Return the data below exactly, please, but drop the pictures.

(Data provided)
↓↓↓

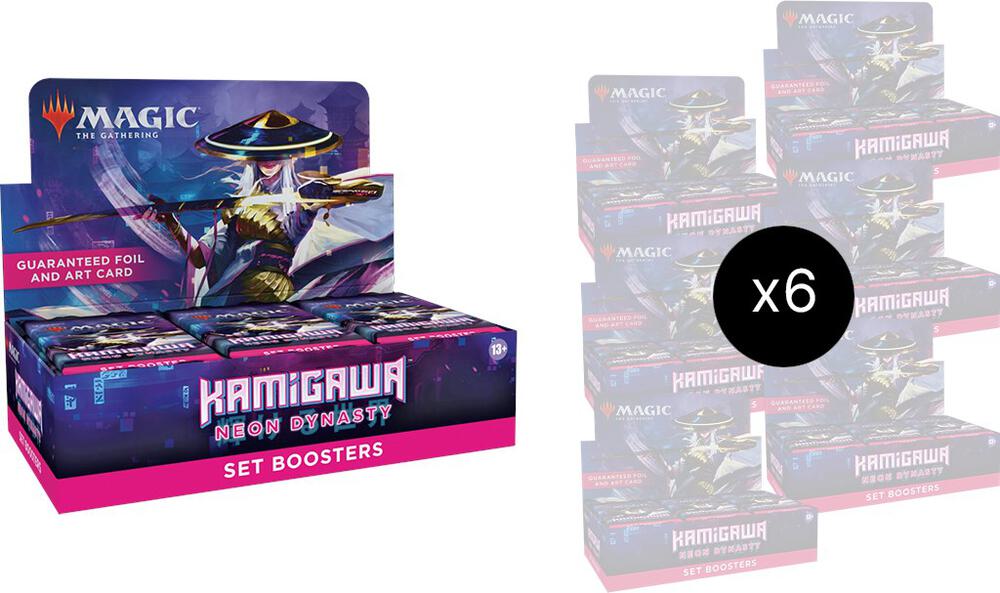 Kamigawa: Neon Dynasty - Set Booster Display Case card from Kamigawa: Neon Dynasty
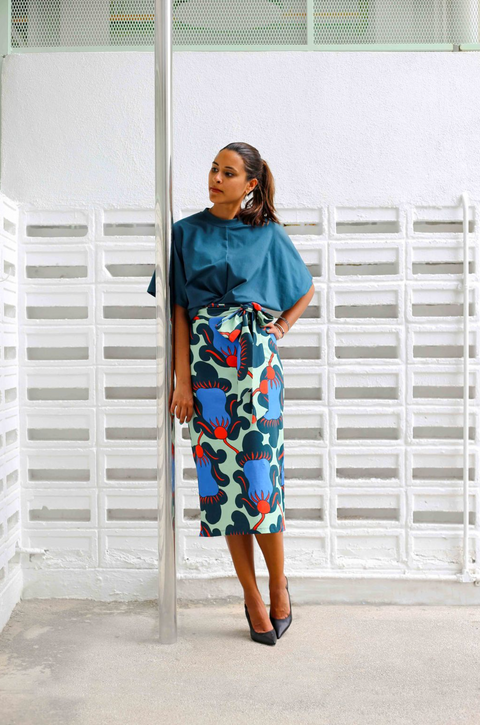 T-Shirt Dress - Breadfruit Forest Green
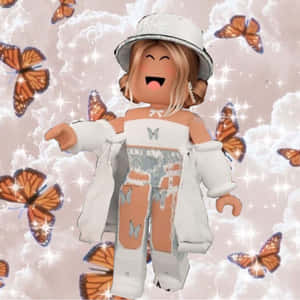 Maak jou speletjie-ervaring kleurvol met Aesthetic Roblox — Estetiese Roblox Muurpapier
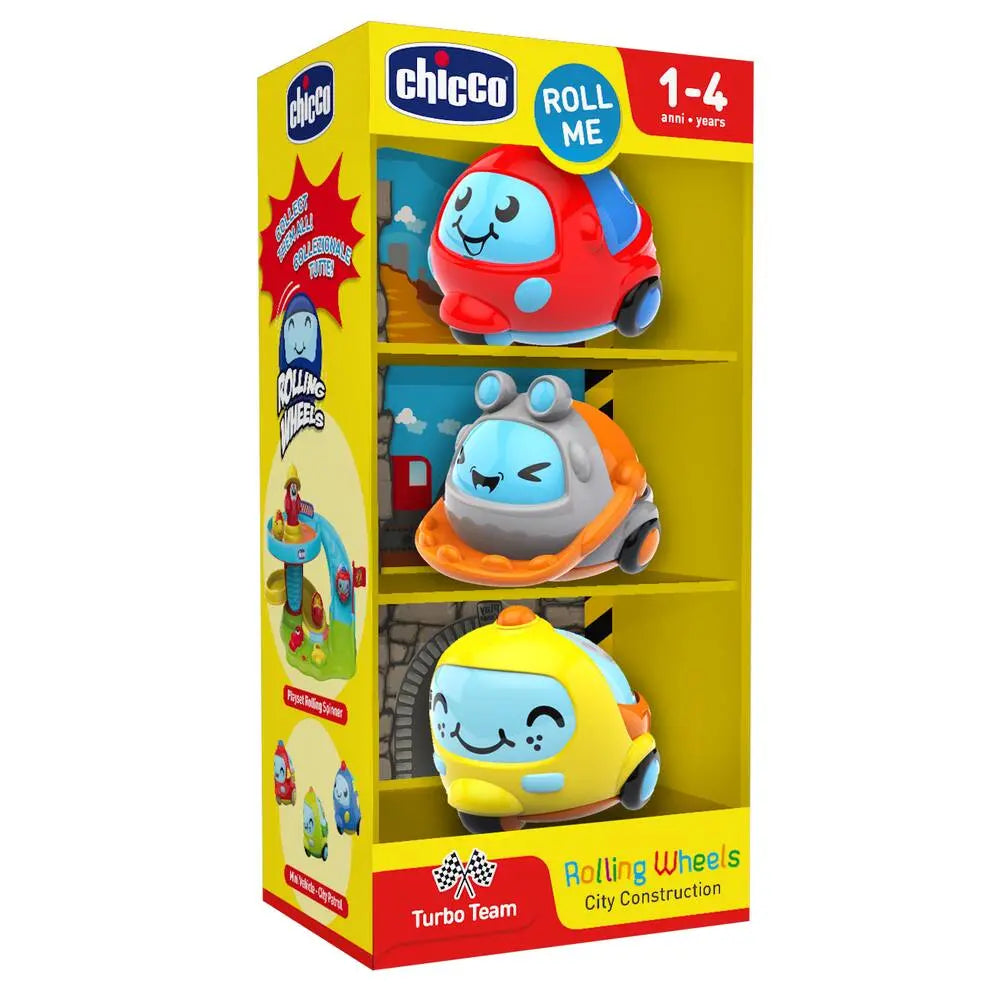 Набор машинок Chicco City Construction строительные 12м+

↑↑↑

(Exercise result)
 Kamigawa: Neon Dynasty - Set Booster Display Case card from Kamigawa: Neon Dynasty
 T-Shirt Dress - Breadfruit Forest Green
 Maak jou speletjie-ervaring kleurvol met Aesthetic Roblox — Estetiese Roblox Muurpapier
 Набор машинок Chicco City Construction строительные 12м+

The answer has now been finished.